• _ABOUT THIS EXERCISE_: Output the exact lines that start at the one containing "Gamers Grass: Light Green Shrubs" and continue to the last line of the entries below; do not output pictures.

———

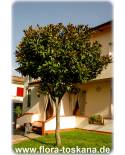Magnolia grandiflora - Immergrüne Magnolie, Großblütige Magnolie (Baum)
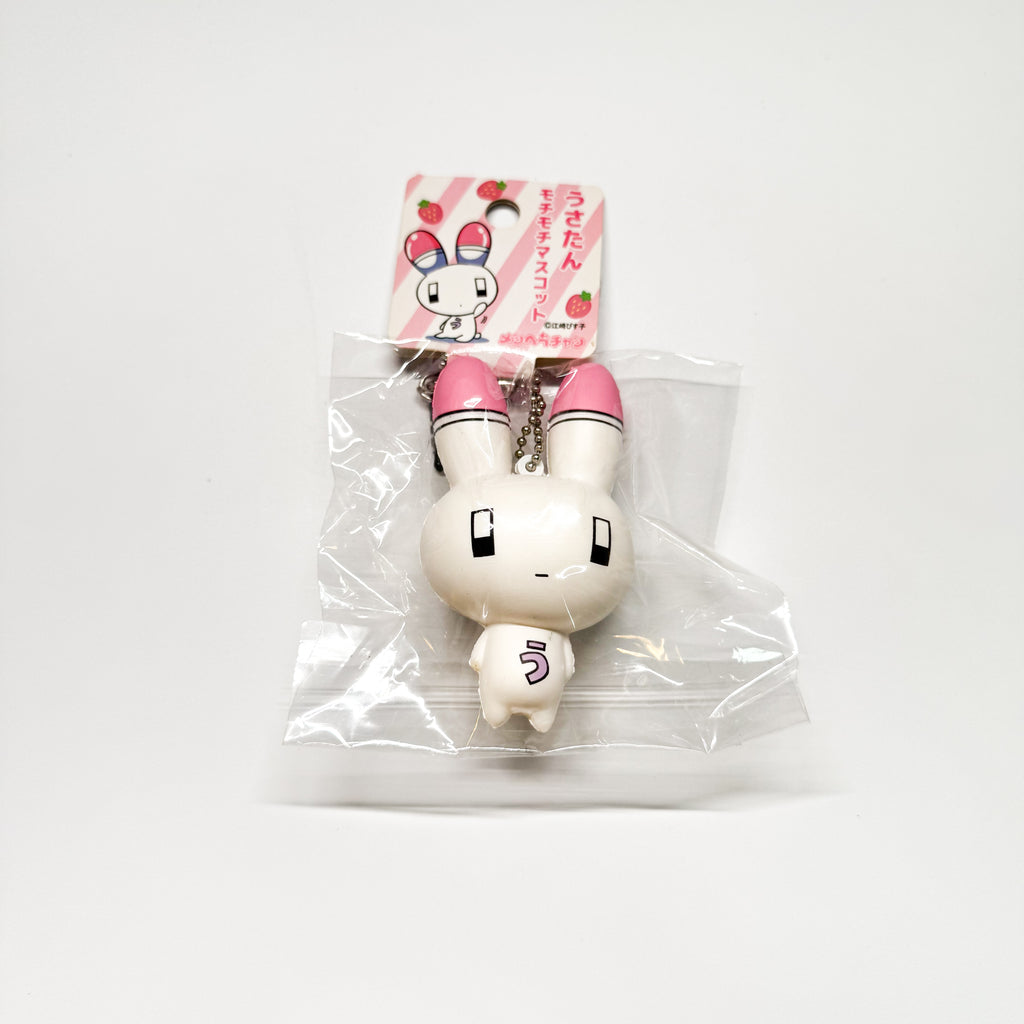 Rare Japan Rabbit Squishy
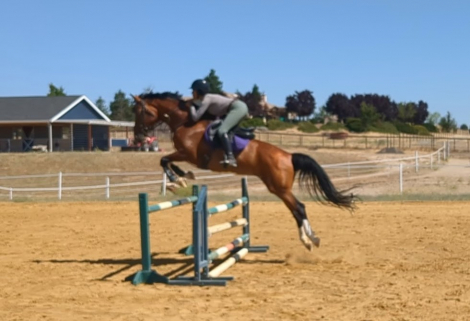 HorseID: 2315031 Bella Suprense - PhotoID: 1100963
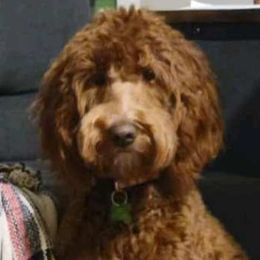 Honey - Goldendoodle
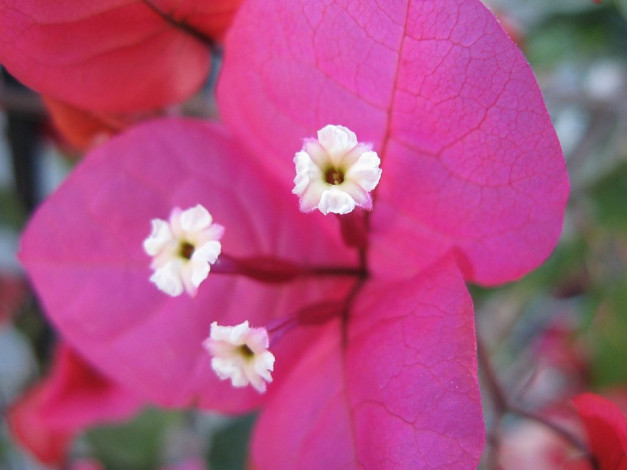 Обои картинки фото цветы, бугенвиллея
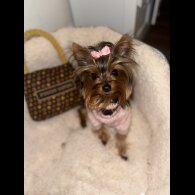 Yorkshire Terrier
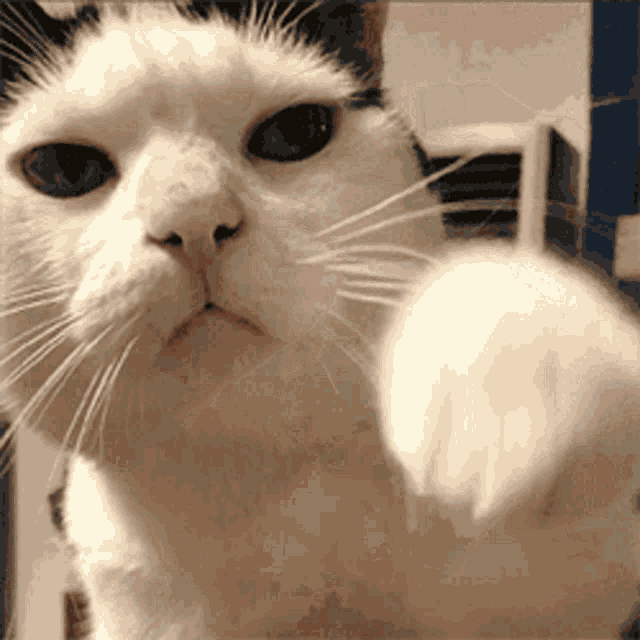 a close up of a white cat 's face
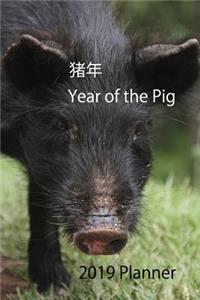 猪 年 Year of the Pig 2019 Planner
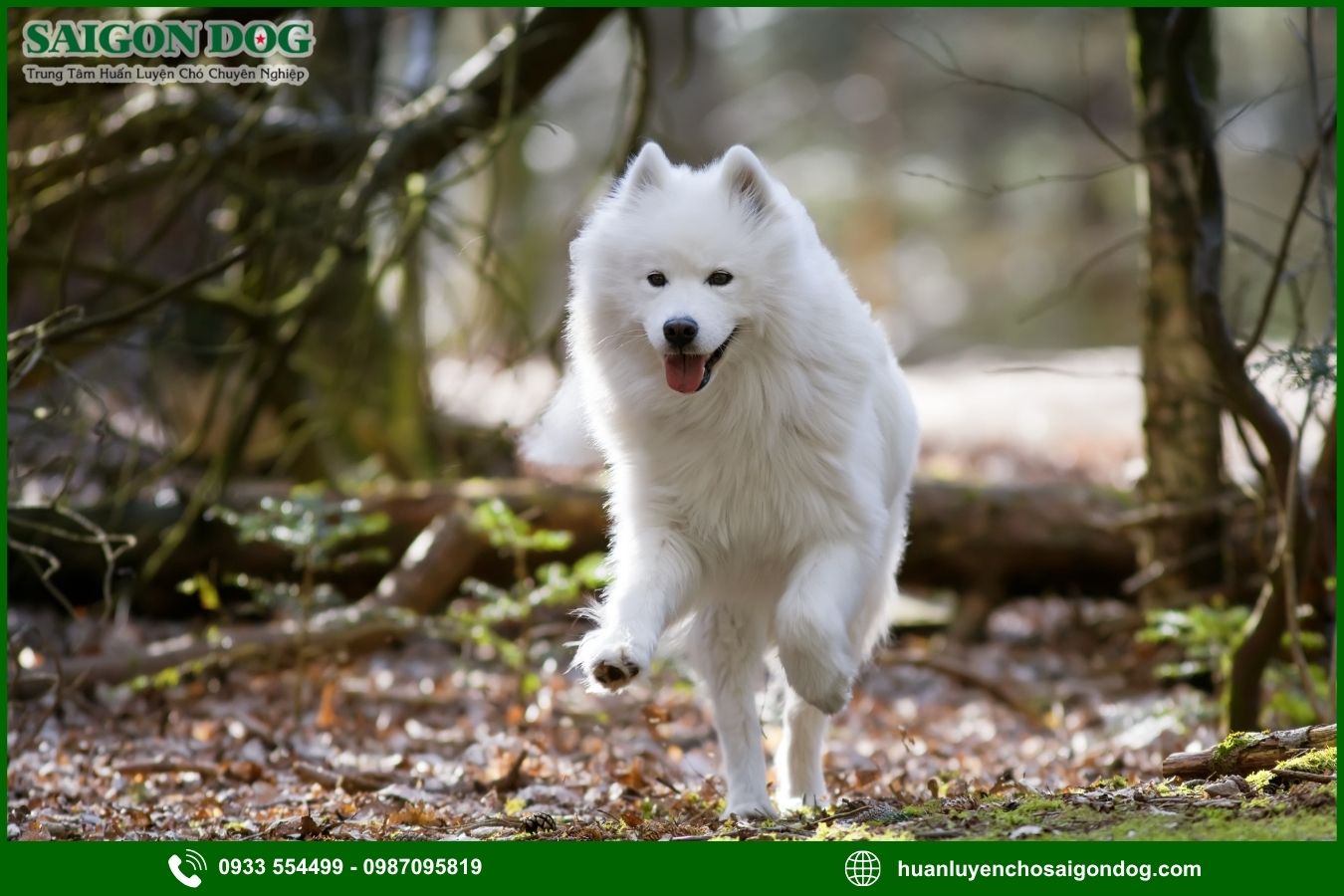Các bài huấn luyện chó Samoyed nâng cao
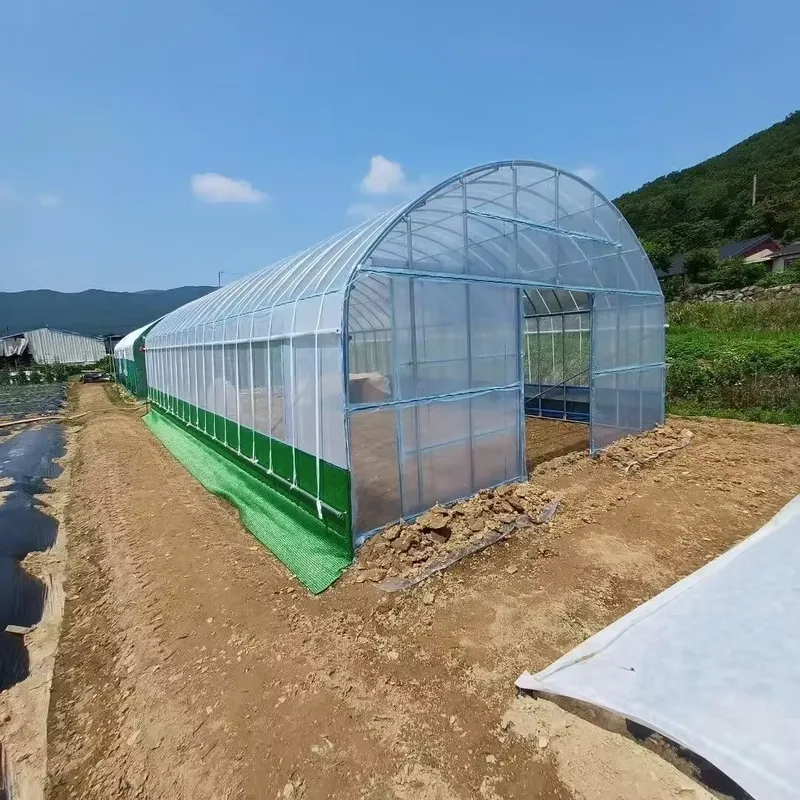 Skrzydłowe szklarnie rolnicze  – Agriculture Tomato Farming recenzja i cena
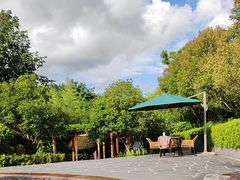 -腾冲洞山温泉村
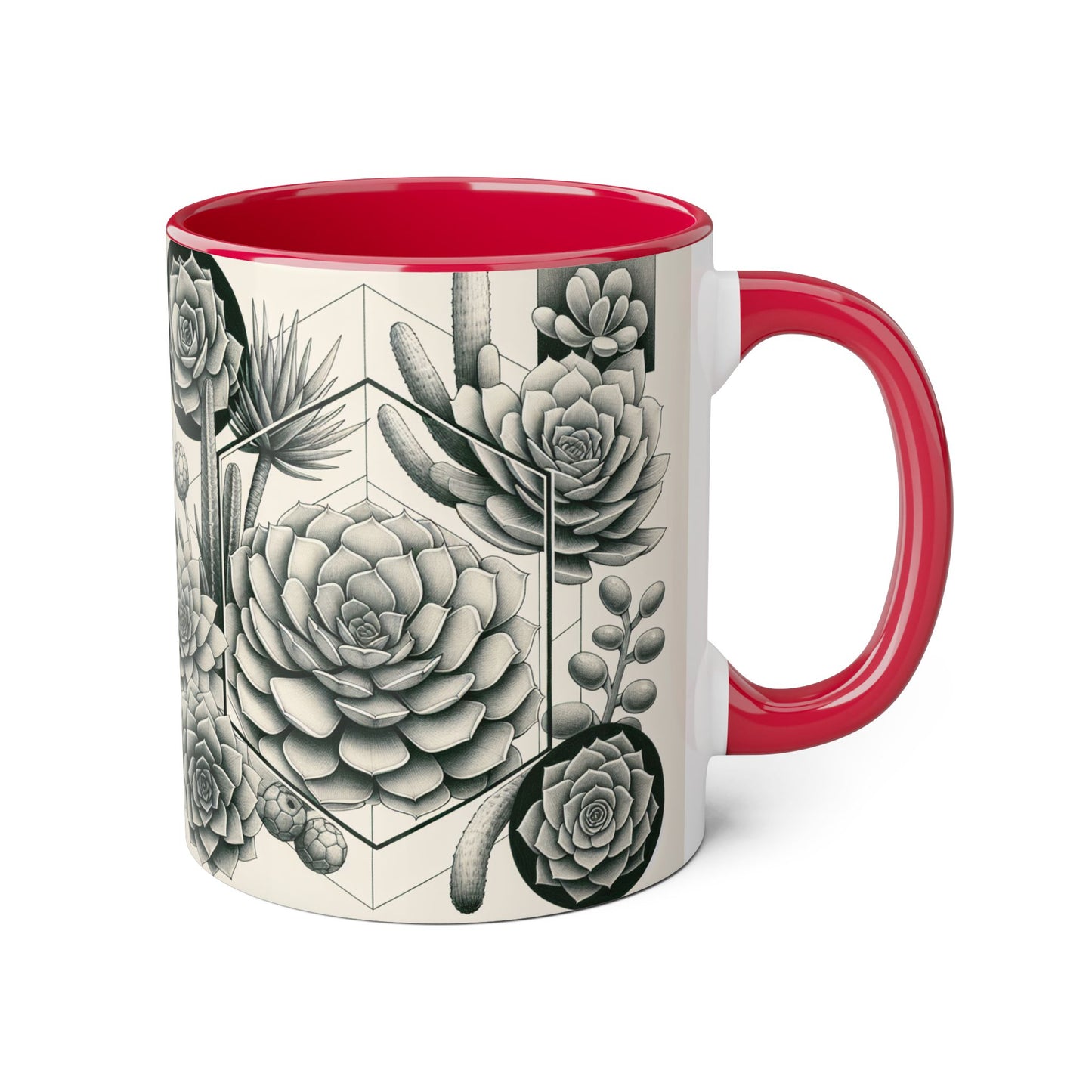 Succulent Illustration Accent Mug - 11oz - Perfect Gift for Plant Lovers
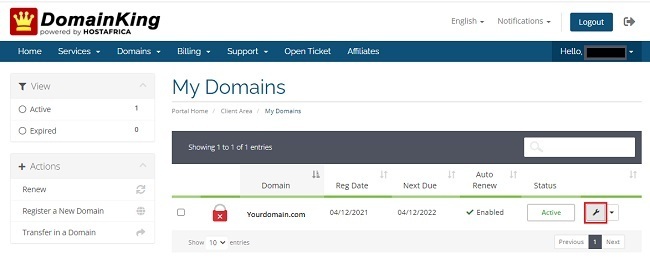 Click on Manage Domains icon in DomainKing.NG client panel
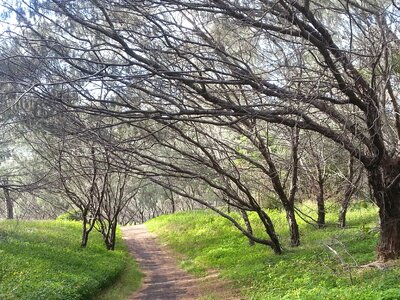 Woods forest path nature photo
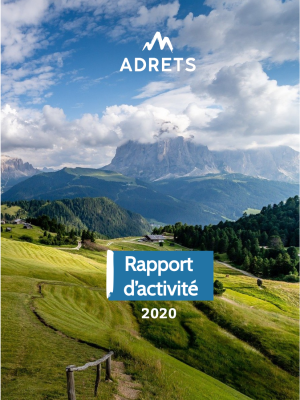 Rapport d'activité 2020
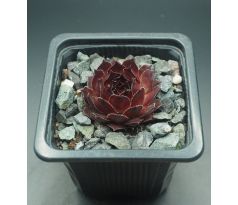 Sempervivum SULTAN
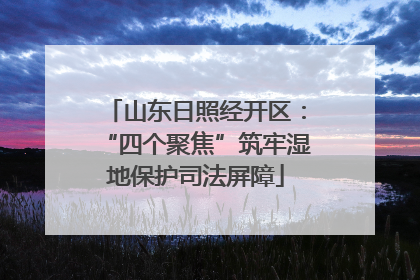 山东日照经开区：“四个聚焦”筑牢湿地保护司法屏障
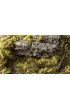 Gamers Grass: Light Green Shrubs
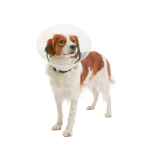 Picture of BUSTER CLIC CLEAR COLLAR (273481) - 10cm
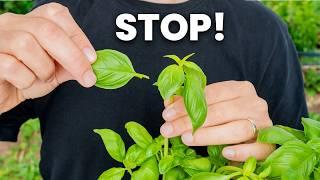 Stop Harvesting Your Basil Like This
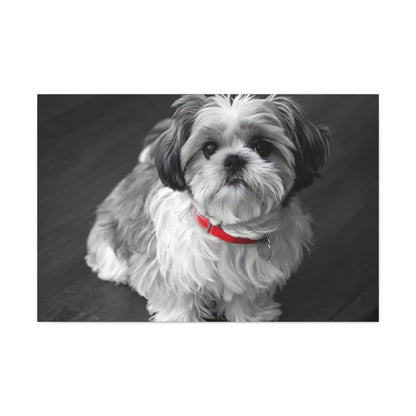 "Curly-Sue" The Shih Tzu Black & White Photo | Monochromatic Dog Art Canvas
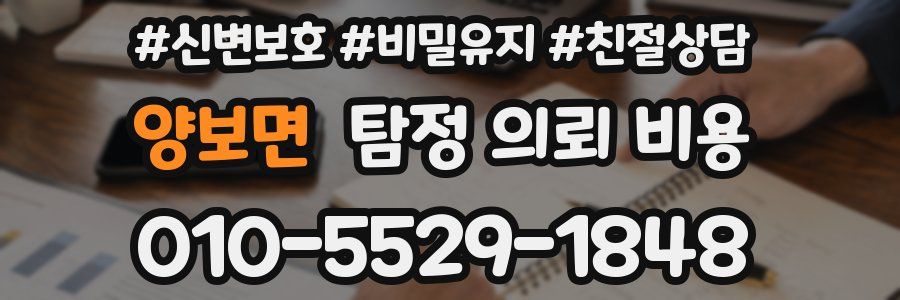 양보면 탐정 의뢰 비용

———

• _SOLUTION_:
 Gamers Grass: Light Green Shrubs
 Picture of BUSTER CLIC CLEAR COLLAR (273481) - 10cm
 Stop Harvesting Your Basil Like This
 "Curly-Sue" The Shih Tzu Black & White Photo | Monochromatic Dog Art Canvas
 양보면 탐정 의뢰 비용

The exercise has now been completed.